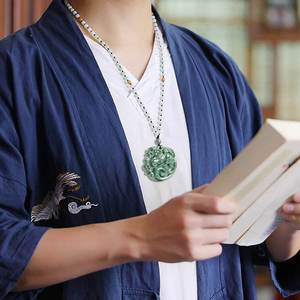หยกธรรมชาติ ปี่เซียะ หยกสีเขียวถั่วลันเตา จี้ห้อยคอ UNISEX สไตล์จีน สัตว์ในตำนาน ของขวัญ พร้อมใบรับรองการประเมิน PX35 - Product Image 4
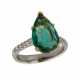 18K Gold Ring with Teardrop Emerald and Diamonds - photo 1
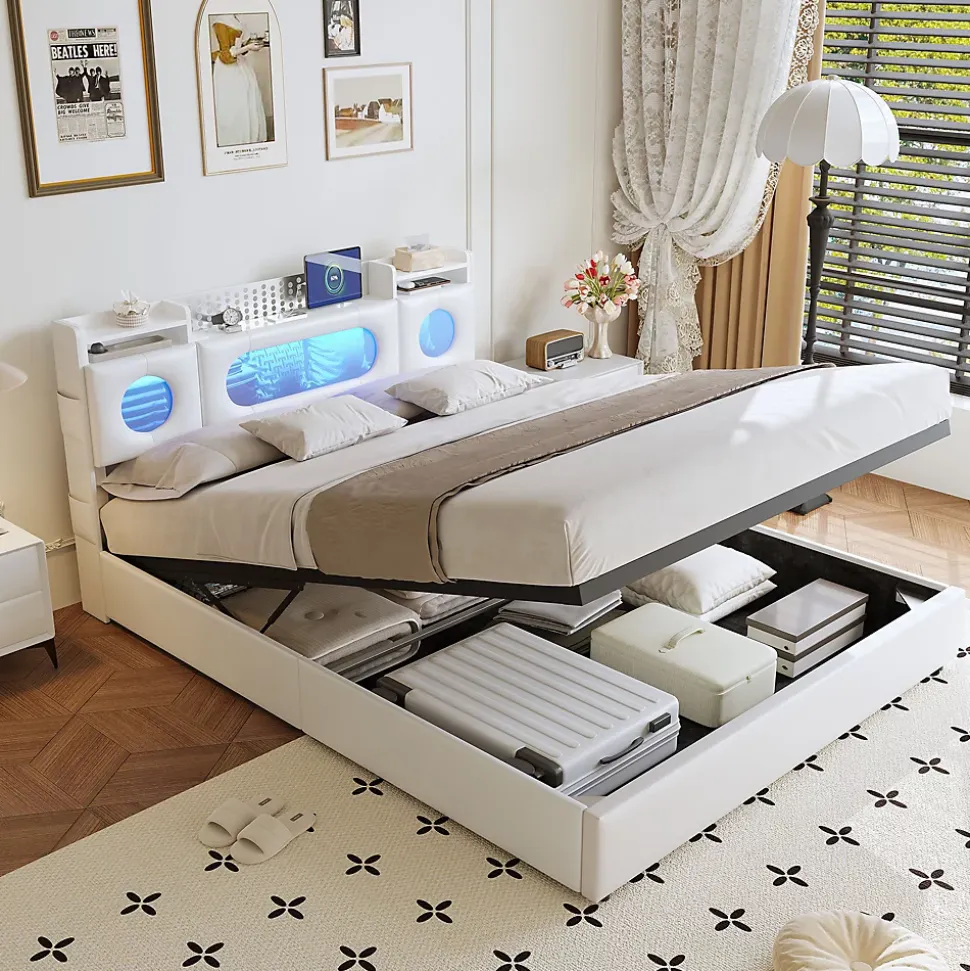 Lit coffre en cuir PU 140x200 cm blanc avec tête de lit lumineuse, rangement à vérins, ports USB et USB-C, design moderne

### Description of the task
Return the listing above in an exact copy that leaves out the images.

### Output of the exercise
หยกธรรมชาติ ปี่เซียะ หยกสีเขียวถั่วลันเตา จี้ห้อยคอ UNISEX สไตล์จีน สัตว์ในตำนาน ของขวัญ พร้อมใบรับรองการประเมิน PX35 - Product Image 4
 18K Gold Ring with Teardrop Emerald and Diamonds - photo 1
 Lit coffre en cuir PU 140x200 cm blanc avec tête de lit lumineuse, rangement à vérins, ports USB et USB-C, design moderne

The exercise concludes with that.